Implement the Empirical Bayes ranking scheme developed in Kline, Rose, and Walters (2023)
Project description
DRrank
DRrank is a Python library to implement the Empirical Bayes ranking scheme developed in Kline, Rose, and Walters (2023). This code was originally developed by Hadar Avivi.
Installation:
The package uses the Gurobi optimizer. To use DRrank you must first install Gurobi and acquire a license. More guidance is available from Gurobi here. Gurobi offers a variety of free licenses for academic use. For more information, see the following page.
After having successfully set up Gurobipy, install DRrank via pip:
pip install drrank
Usage
1. Load sample data
DRrank grades units based on noisy estimates of a latent attribute. You can construct these estimates however you'd like---all DRrank requires is a vector of estimates, $\hat{\theta}_i$, and their associated standard errors, $s_i$.
To illustrate the package's features, this readme uses the data in example/name_example.csv, which contains estimates of name-specific contact rates from the experiment studied in Kline, Rose, and Walters (2023). These contact rates have been adjusted to stabilize their variances using the Bartlett (1936) transformation. Variance-stabilization is useful because the deconvolution procedure used in Step 2 below requires that $s_i$ be independent of $\theta_i$. In cases where variance stabilization is not possible, independence can sometimes be restored by residualizing $\hat{\theta_i}$ against $s_i$; see Section 5 of Kline, Rose, and Walters (2023) for a detailed example. The transformation used in our names example computes estimates as $\hat{\theta}_i = sin^{-1} \sqrt{\hat{p}_i}$, where $\hat{p}_i$ is share of applications with name $i$ that received a callback. As discussed in the paper, $\hat{\theta}_i$ has asymptotic variance of $(4N_i)^{-1}$, where $N_i$ is the number of applications sent with name $i$.
import pandas as pd
import os
# Read in the data
data = pd.read_csv(os.getcwd() + '/example/name_example.csv')
data.head()
name_id | thetas | s | firstname |
---|---|---|---|
1 | 0.53788 | 0.0137214 | Adam |
2 | 0.518394 | 0.0173332 | Aisha |
3 | 0.53767 | 0.0174933 | Allison |
4 | 0.532129 | 0.0138126 | Amanda |
5 | 0.534998 | 0.0136503 | Amy |
While DRrank provides the functionality to account for any variance-stabilizing transformation, using one is not strictly necessary. DRrank can also accomodate cases where the $\hat{\theta}_i$ directly capture untransformed estimates of the relevant latent attribute.
2. Estimating the prior
DRrank provides the functionality to estimate a prior distribution using a variation on Efron (2016)'s log-spline deconvolution approach, which uses an exponential family mixing distribution with density parameterized by a flexible B-th order natural cubic spline.

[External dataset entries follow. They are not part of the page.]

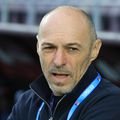 Bogdan Andone, concluzii după remiza din Giulești / foto: Ionuț Iordache GSP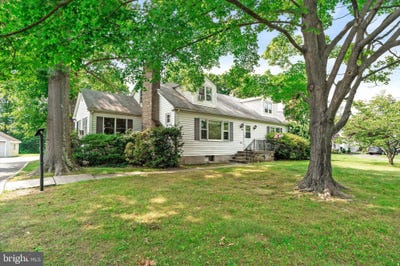 /international/us/648-old-york-road-east-windsor-nj-110100654349/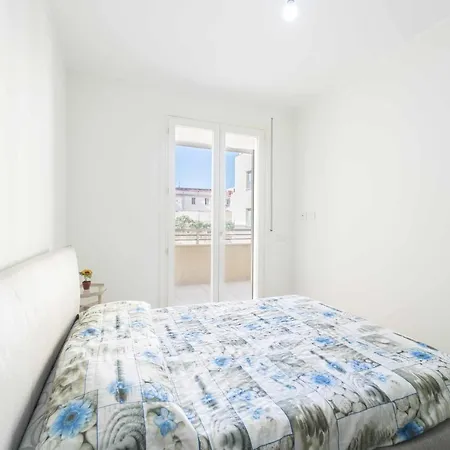 Il Girasole Apartment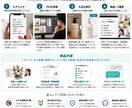 SNS・画像制作のムダをプロが診断します AI・内製・外注を整理＋実際にグラフィック5点の制作 イメージ4
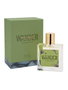 Wander Through The Parks, Agua de perfume, Unisex, 50 ml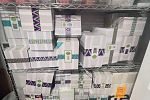 Sale Photo Thumbnail #3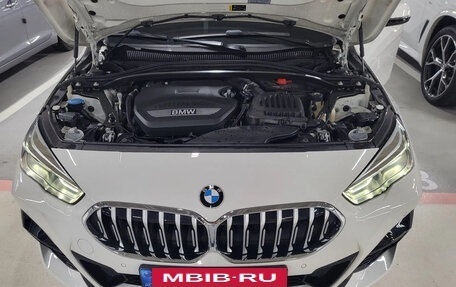 BMW 2 серия F44, 2021 год, 2 500 000 рублей, 5 фотография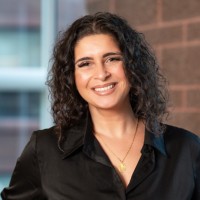 Sabreen Hammad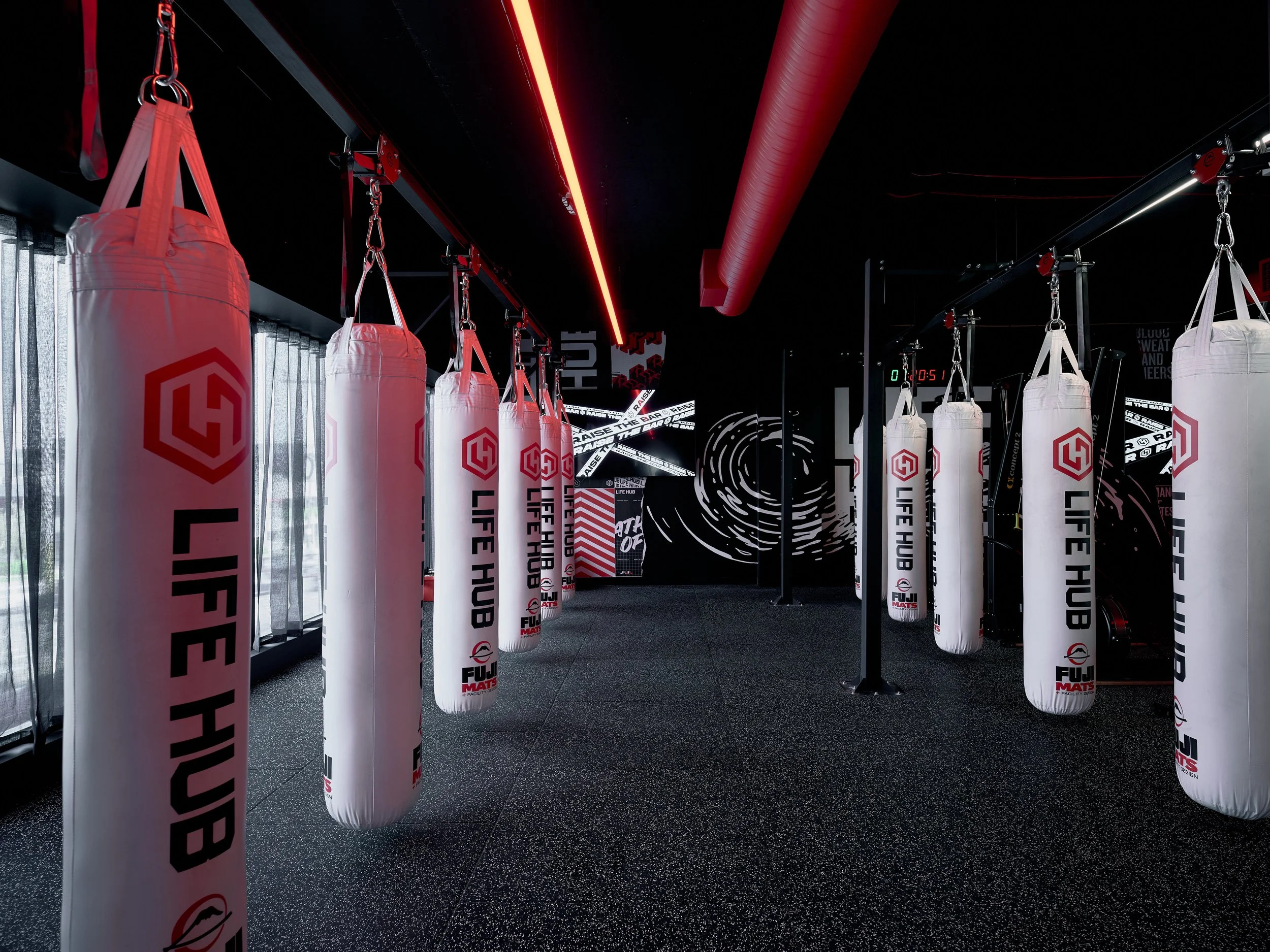 LIFE HUB BAYSIDE_PERFORMANCE GYM_2026_SimonShiff_0 22.jpg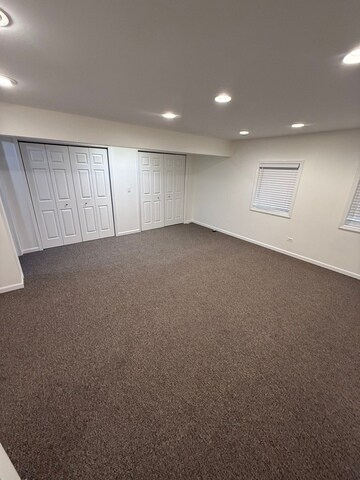 Building Photo - 1659 Windward Ct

To estimate the prior, generate an instance of the prior_estimate
class with each unit's estimated latent attribute, $\hat{\theta}_i$, and its associated standard errors. You also have the option of supplying an inverse transform in case the $\hat{\theta}_i$ have been transformed to stabilize variances. The appropriate inverse transform for the ranking name-specific contact rates in Kline, Rose, and Walters (2023), for example, is $f(x) = sin(x)^2$. The inverse transform function should be vectorized.
import numpy as np
from drrank_distribution import prior_estimate
thetas = data.thetas.values # set of estimates
s = data.s.values # setstandard errors
# Initialize the estimator
G = prior_estimate(thetas, s, transform=lambda x: np.power(np.sin(x),2))
# Estimate the prior distribution
G.estimate_prior(supp_points=5000, spline_order=5, seed = 123)
Use the supp_points
option (default=5000) to pick the number of points of support over which to evaluate the prior density. The minimum and maximum of the support are the minimum and maximum of thetas
.
Use the spline_order
option (default=5) to adjust the degrees of freedom of the spline that parameterizes the mixing distribution.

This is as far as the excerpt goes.